Of course before that there’s the South Queensferry Arts Festival which I’m helping to organise and which will consume more and more time until it starts on 9th September.
It’s a dilemma. Playing live. You feel you ought to. But, at this level, what real good does it do? Wouldn’t we be better to stay at home working on our music? But then how do people get to hear it, if not by buying our CDs when we play live?
I know you will have a reasoned argument to come back with – and I look forward to it as always Norman!!
Hmmm
You said it yourself – how do people get to hear your music if you don’t play live? Radio is hard to get onto and doesn’t translate to CD sales unless your CD is in Virgin and HMV. There are thousands of mp3 sites – which ones do you join and how much promo do you need to do? I view the CD as the next step in building interest from the audience to you, with the live appearance usually the first step.
But there’s more to it than that – positively, I enjoy very much playing live to an audience, if there’s even the slightest level of interest out there. There is a different level of quality in the music when (a) musicians are listening to each other and (b) an audience is listening. I don’t know about you but when I’m playing at home to myself and something good comes out my first reaction is ‘I wish someone had heard that’.
The balance to be struck, at all levels of the music business from ours to the professional, is how much crap are you prepared to put up with to get that time with an audience? Some nights 20m on stage can be good enough to balance 4 hours of crap before and after. Some nights it can’t.
A big question is do you want to make music or do you want to make money?
Can the two be compatible?
Why, for example, K T Tunstall and not any of the good singers and writers from OOTB – say Lynsey Hutchison?
It’s surely not luck…it’s a combination of self belief, hard work and contacts and being in the right place at the right time.
Lynsey certainly has self belief in spades and works hard at her music…

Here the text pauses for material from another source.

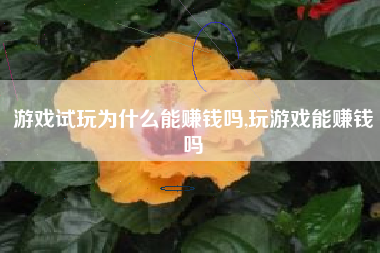 游戏试玩为什么能赚钱吗,玩游戏能赚钱吗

I read an interview with K T in the paper on Sunday (strategically placed PR re her new single out yesterday – what chance you or I being interviewed and appearing in print the day before a release – oh, sorry, yes, we’re NOT signed to Sony). In the interview, the story seemed to be as follows..
Adopted
Well off understanding parents
Driven individual
Not interested in getting a job
Believing her music was great
Went to London for two weeks to sleep on someone’s floor after spending years playing songs on the streets or in pubs
Took a collection of phone numbers she’d amassed over the years
Spent two weeks phoning them all
Got a publishing deal
Signed to Sony
Got an album out
Big PR push
Last minute stand in on Later
Album sales took off
Festivals, hit singles etc etc
That sounds easy doesn’t it??
Am I missing something?
Sorry – to get back “on topic”, I too very much enjoy playing live but, frankly, everything involved with doing it, other than the actually playing live bit, is a complete pain..but there is very little that compares with the feedback from an audience…
‘That sounds easy doesn’t it??
Am I missing something?’
You’re missing the crucial elements:
– the number of KT Tunstalls that made the same efforts but didn’t make it to the publishing deal or the Sony contract or ‘Later’. Hundreds, if not thousands, to one
– from our point of view, the impossibility of being 20 again. At 25 she was almost off the radar of the music industry. And if KT doesn’t serve their needs by producing a second hit album, it’ll be ‘Bye bye KT, and by the way you owe us £x hundred thousand.’
Once again, I tip my hat to you Norman. Truly, you are the voice of reason…
OK I’ll never be 25 again but I’ll also never owe anyone £100,000…I hope!!